Pressão, paixão e sensações
Andoni Luis Aduriz sabe bem disso. Desde 1998 que colocou no mapa o restaurante Mugaritz, um verdadeiro palácio de sensações e alvo dos mais prestigiados prémios, atualmente duas estrelas Michelin. Para este cozinheiro de 46 anos, que descobriu a sua vocação quando trabalhava numa pizzaria, a gastronomia engloba todo o conhecimento, tensões, obsessões do mundo e do ser humano. O seu restaurante situa-se numa casa rústica a cerca de 15kms do centro da cidade e só abre durante nove meses – entre janeiro e meados de abril a sua equipa de pesquisa e desenvolvimento colabora com os chefs para criar cerca de 60 pratos diferentes. Assim traçam os objetivos para os próximos nove meses e definem uma filosofia de vida à volta do seu menu fixo de 180 euros.
Para Aduriz, cozinhar rima com provocação. «Nem sequer gostamos de nos considerar um restaurante, preferimos a ideia de criar novas experiências e sensações», avisa. «Para isso fornecemos as ferramentas para que o cliente desfrute dessas experiências íntimas».

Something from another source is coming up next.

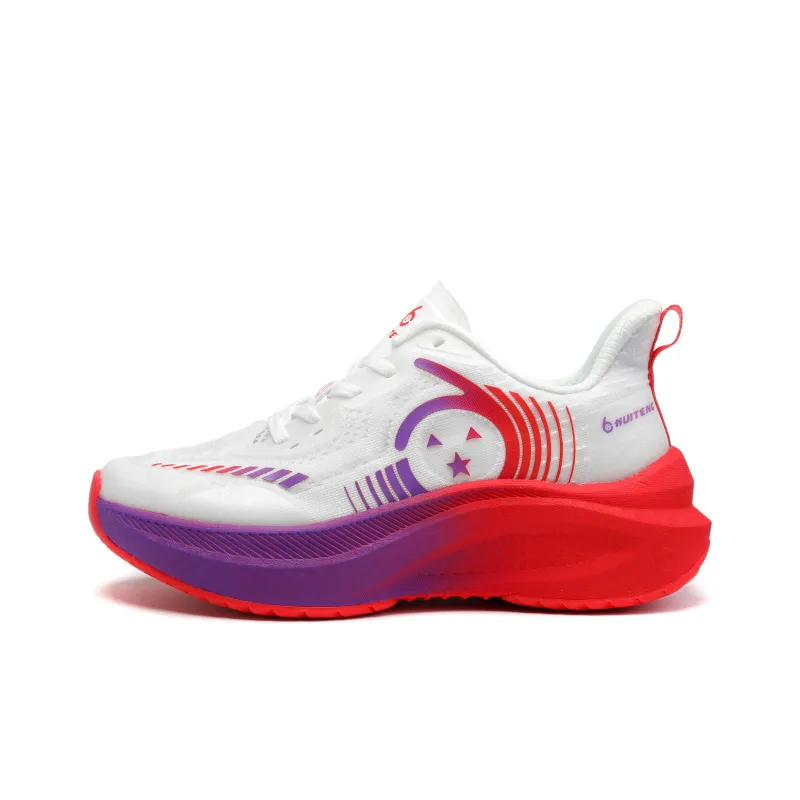 HUITENG Running Shoes Unisex Low Top Aurora Blue/Flame Red/Glacier White/Starry Black/Starry Pink-5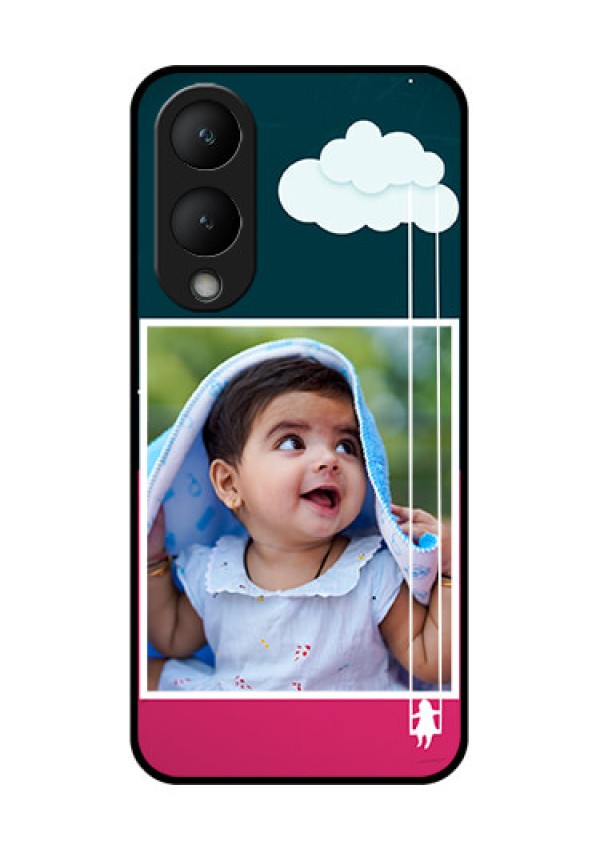 Vivo Y28 5G Custom Glass Phone Case - Cute Girl With Cloud Design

É também assim no parisiense Plaza Athénée, onde o menu de almoço custa 210 euros. «Aqui não há pressão, só paixão», desabafa Alain Ducasse, que é perito em usar a química na alimentação, transmitindo calor ou frio para melhorar o sabor do alimento. Ou no Eleven Madison Park, o famoso restaurante dirigido por Daniel Humm, que ocupa todo um quarteirão de Manhattan. Humm confessou perante a câmara que uma crítica – segundo a qual faltava à sua gastronomia algo de Miles Davis – alterou todo o seu conceito. E foi a imersão na música variada deste jazzman que se transformou na inspiração e novo rumo que o ajudou a receber a sua terceira estrela Michelin. «É um esforço contínuo», confessa Humm, «mas o Miles tem estado sempre lá para nos guiar».

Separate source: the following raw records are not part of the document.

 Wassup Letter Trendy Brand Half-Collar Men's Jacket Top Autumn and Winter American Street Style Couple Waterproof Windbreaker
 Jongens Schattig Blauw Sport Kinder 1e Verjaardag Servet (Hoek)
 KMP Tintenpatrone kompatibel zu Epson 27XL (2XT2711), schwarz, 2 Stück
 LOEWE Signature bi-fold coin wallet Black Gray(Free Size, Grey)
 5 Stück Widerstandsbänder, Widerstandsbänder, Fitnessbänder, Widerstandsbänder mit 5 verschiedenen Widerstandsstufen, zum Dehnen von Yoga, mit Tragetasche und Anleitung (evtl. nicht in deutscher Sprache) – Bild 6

Mas nem tudo são rosas neste documentário sobre o meio ultraexigente da mais alta cozinha. Também há drama. Como o de quem perde uma estrela. «Tivemos de retirar 25 mesas quando isso aconteceu», refere um chef desolado. Os critérios para as estrelas passam pela mestria de cozinhar, a harmonia dos sabores, a consistência do menu e a forma como o chef projeta nos pratos a sua personalidade.
Pelo meio, há quem siga estes mestres até ao fim. Como o comensal austríaco que confessa no filme já ter ido mais de 20 vezes ao Mugaritz e a quem faltavam, à data, apenas alguns restaurantes para fazer o pleno das três estrelas. Um objetivo que cumpriu antes de terminado o filme.
Não saímos desta viagem sem um amargo de boca ao perceber o lado mais negro do mundo das estrelas Michelin . Alguns chefs ultrapassam largamente a sua capacidade de entrega e resistência e acabam por cometer suicídio.
José Carlos Capel, crítico de gastronomia do El País e considerado o ‘papa’ da religião de bem comer, assinala a ligação menos conhecida entre as estrelas concedidas a um país e a respetiva cifra de negócio. No entender de Capel, existe mesmo uma relação direta entre o número de estrelas e a venda de pneus. É o poder da borracha na magia da cozinha.